Currently, Niels van Roij Design’s main product is the hopefully-100-unit run of Range Rover Adventum Coupés—the two-door, 525-hp, supercharged V-8 luxury SUVs Land Rover decided not to produce after teasing us with the 2018 Range Rover SV Coupé Concept. Turning a four-door into a coupé without messing up the proportions is a delicate task, but the Netherlands-based Niels van Roij is an experienced designer who already cooked up a Tesla Model S Shooting Brake. He’s currently working on a Ferrari 550 Maranello-based “Breadvan” paying homage to the famous 1961 Ferrari 250 GT SWB rebodied in 1962 by Piero Drogo to fight Ferrari’s 250 GTOs.

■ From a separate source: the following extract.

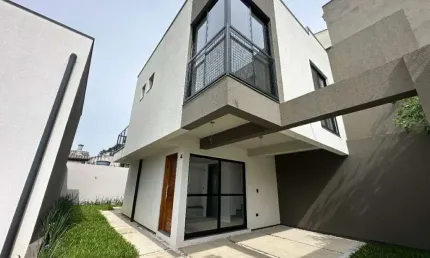 Casa com 3 quartos à venda na Rua Nossa Senhora do Rocio, 223, Santa Cândida, Curitiba por R$ 612.559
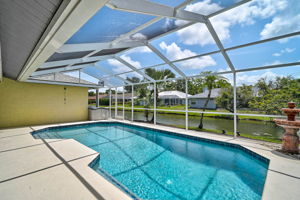 4733 Spring Meadow Ln-36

As luck would have it, this green Tesla wagon—based on a 2013 P85 Performance and unveiled in 2018 in revamped form—is already up for grabs. You can have it for $203,000 if you live outside the European Union or for $245,512 with VAT if you live closer to its former Dutch home. However, if you’re solely interested in how a professional car designer sets about turning a sedan into a wagon, Niels van Roij is here to explain his process, step by step:
What if you have a fantastic sporty luxury car from the 1990s that you bought cheap, thanks to the extreme depreciation of these rare models, and now intend to spend a lot more on it to end up with a contemporary one-off design? Niels van Roij’s team does all sorts of jobs: unique exterior paint finishes and tailor-made interiors; partial conversions, such as turning a coupé or a sedan into a wagon; targas, wide bodies or speedsters; or chopping off even more to create convertibles—or perhaps a landaulette.
Enter the 1991–2003 Bentley Continental R. It’s a special car because it was the first Bentley not to use a Rolls-Royce body since the 1962–65 S3 Continental and because it was the most expensive production car in the world for exactly one year until the McLaren F1 took over in 1992.
Powered by the turbocharged version of Bentley’s now-retiring 6.75-liter V-8, the Continental R was the first Bentley to use a GM-sourced four-speed to help put that power to the ground. It was the fastest luxury cruiser of its era, and with initially 325 and then 420 hp on tap, the Continental R remains a suitable donor for some new ideas. Since only 1504 of all variants left Bentley’s Crewe factory, a small design firm such as Niels van Roij’s wouldn’t do any sacrilegious things to one.
Instead, this kind of digital rebody focuses on cleaning up surfaces and fitting bigger wheels to project a sportier vibe, since the car has to remain within the boundaries of its original homologation and crash testing. That means a limited number of body panels and leaving the existing lights entirely alone—commissioning new units would be vastly out of such a project’s budget.
However, as Niels van Roij demonstrates, Photoshop can take the skilled user very far from the original, and with headlights and other accessories being easily retrofitted with new technologies, all it takes is a dedicated buyer to turn this contemporary Bentley Continental R design into something Niels van Roij’s team could start hand-hammering.